• **Excerpted records**
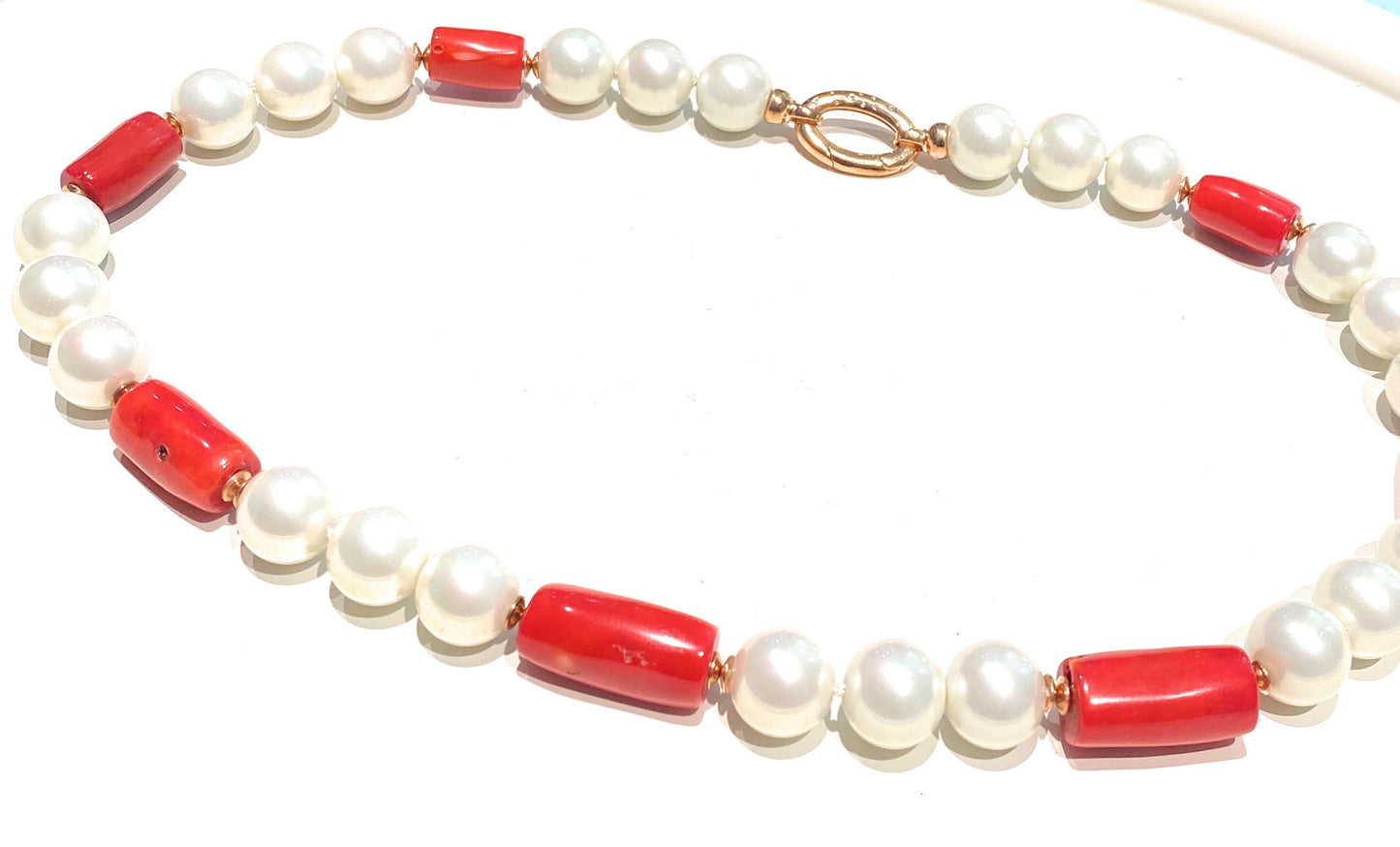 Collana perle shell e corallo bamboo in argento sterling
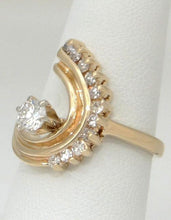 Load image into Gallery viewer, LADIES 14K YELLOW 1/2ct DIAMOND ROUND SOLITAIRE SWIRL RING

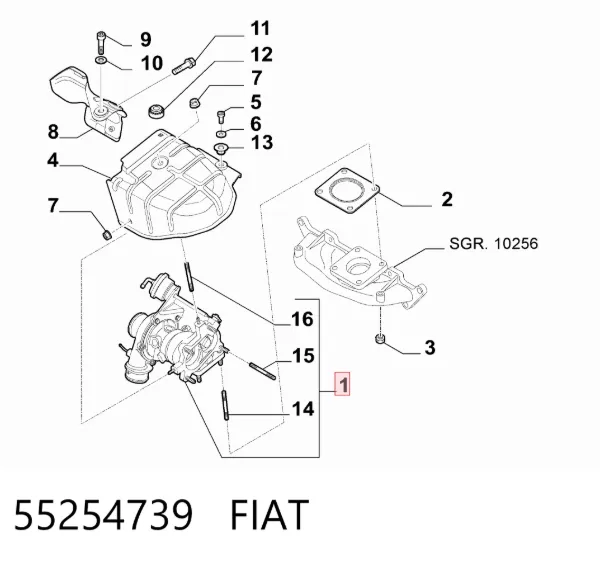 Turbocompresor 55254739 Fiat/Alfa/Lancia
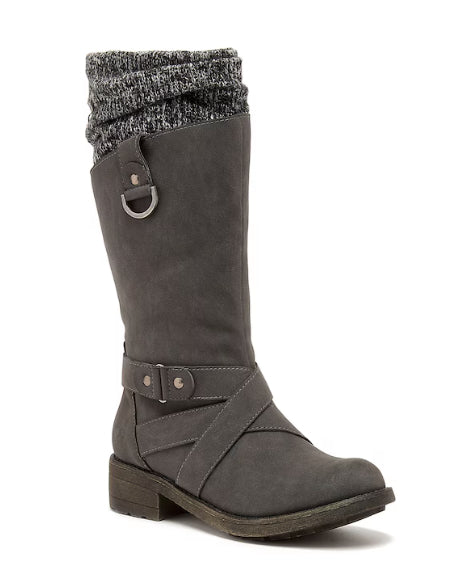Rocket Dog Tesla Knitted High Leg Boots D Fit Charcoal Size UK 7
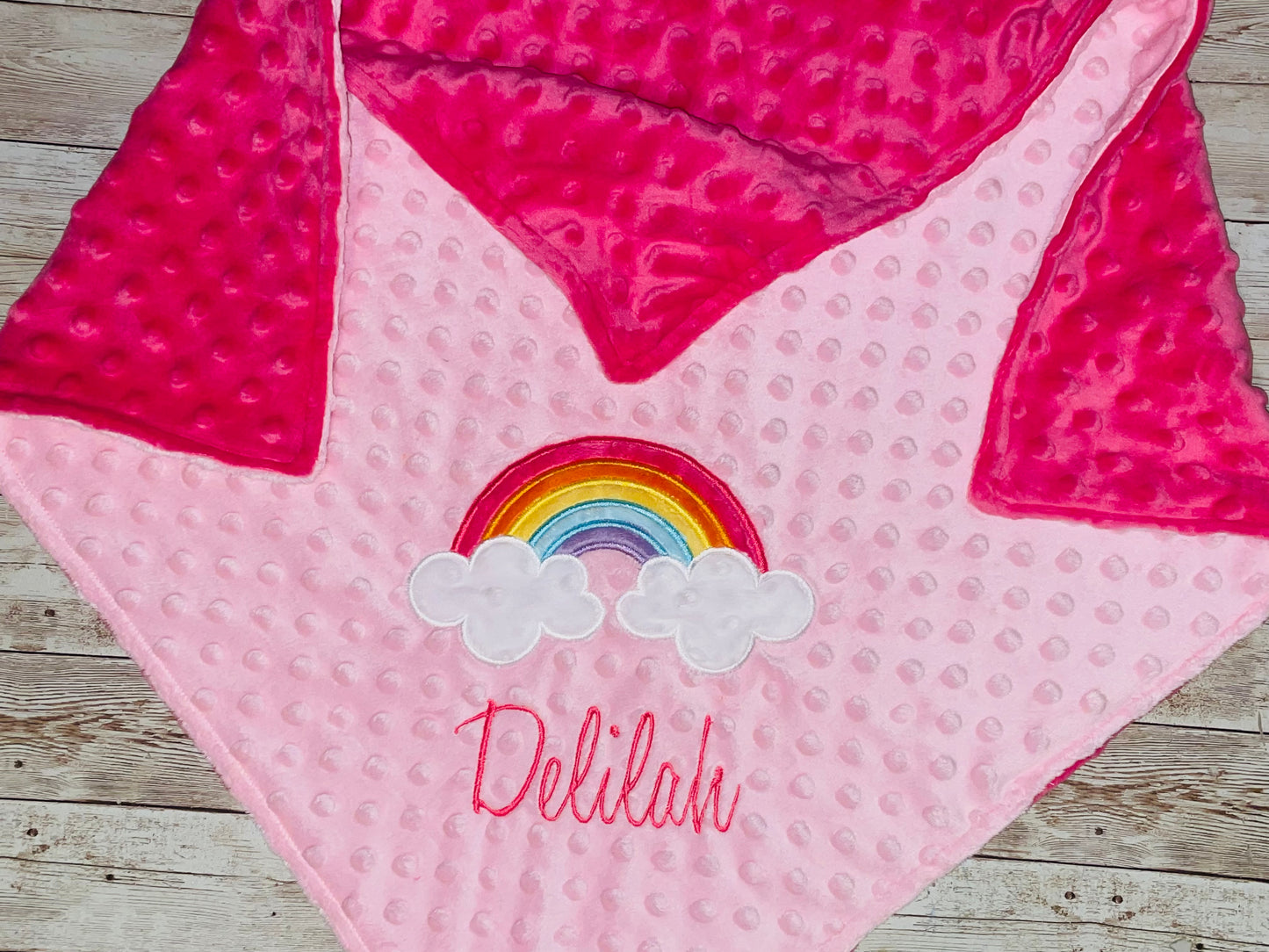 Rainbow -Personalized Minky Blanket - Baby Pink and Fuchsia Minky - Embroidered Rainbow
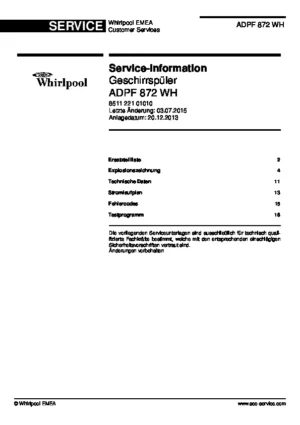 Whirlpool adpf 872 wh deutsch service manual cover integrated dishwasher showing service information and table of contents with spare parts list, exploded view, circuit diagram, program chart, test program, error codes, and service bulletins.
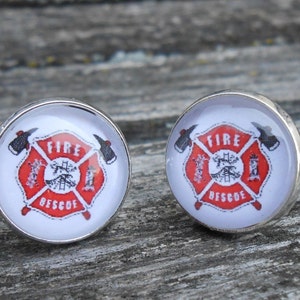 Firefighter Maltese Cross Cufflinks. Wedding, Christmas Gift, Dad. Groom, Anniversary, Birthday. Fire Fighter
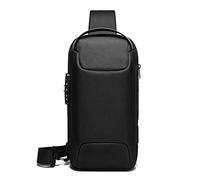 FANDARE Diebstahlsicher Umhängetasche für Herren & Damen, USB Ladeport Reißverschlussfach, Wasserdichte Brusttasche als Schulterrucksack für Wandern Radfahren Laufen Reisen Schwarz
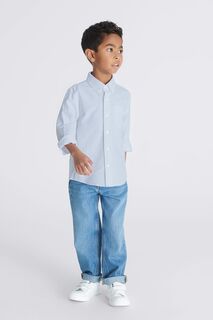 Хлопковая оксфордская рубашка Greenwich Junior от бренда Reiss, синий
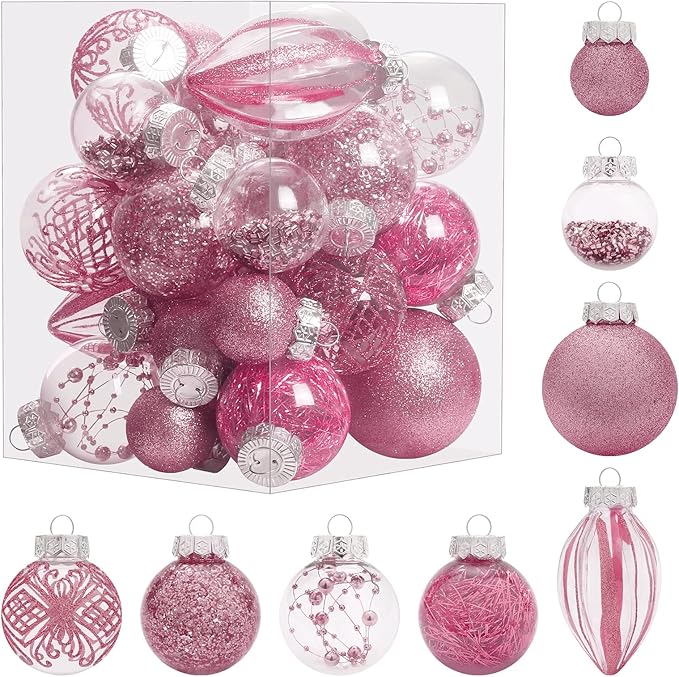 Christmas Ornaments Set, 32Pcs Clear Plastic Shatterproof Christmas Ball Hanging Ornaments for Xmas Tree Decorations, for Indoor Home Thanksgiving Party Holiday Decor - Pink.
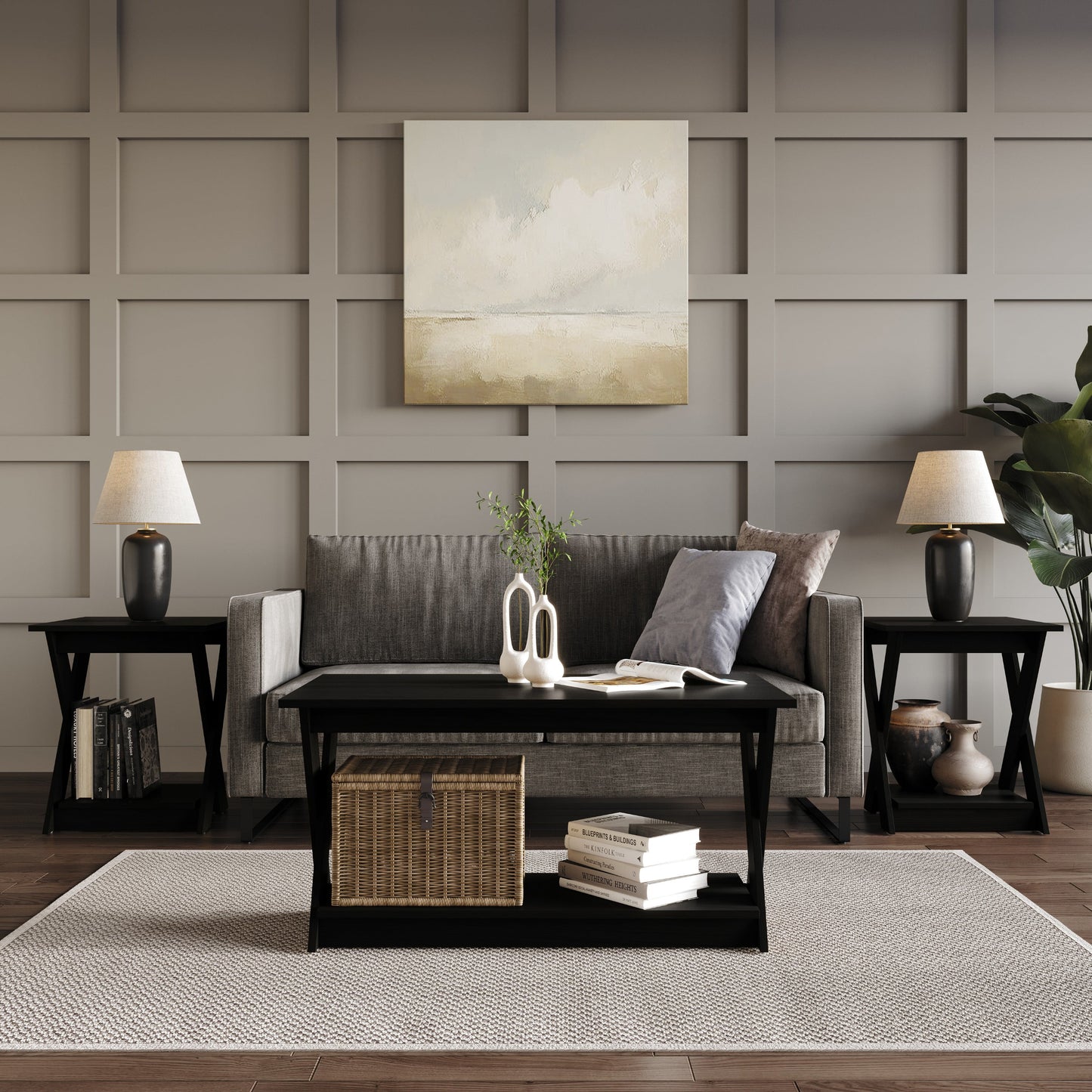 Home Design Emporia 3-Piece Coffee Set with Crossed-Leg Design and Lower Shelf, Wide Plank, Brown, Modern Living Room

• **Brief**
Restate verbatim the lines that begin at the one holding "FANDARE Diebstahlsicher Umhängetasche" and end at the last line of the material. Exclude pictures.

• **Result for this task**
 FANDARE Diebstahlsicher Umhängetasche für Herren & Damen, USB Ladeport Reißverschlussfach, Wasserdichte Brusttasche als Schulterrucksack für Wandern Radfahren Laufen Reisen Schwarz
 Хлопковая оксфордская рубашка Greenwich Junior от бренда Reiss, синий
 Christmas Ornaments Set, 32Pcs Clear Plastic Shatterproof Christmas Ball Hanging Ornaments for Xmas Tree Decorations, for Indoor Home Thanksgiving Party Holiday Decor - Pink.
 Home Design Emporia 3-Piece Coffee Set with Crossed-Leg Design and Lower Shelf, Wide Plank, Brown, Modern Living Room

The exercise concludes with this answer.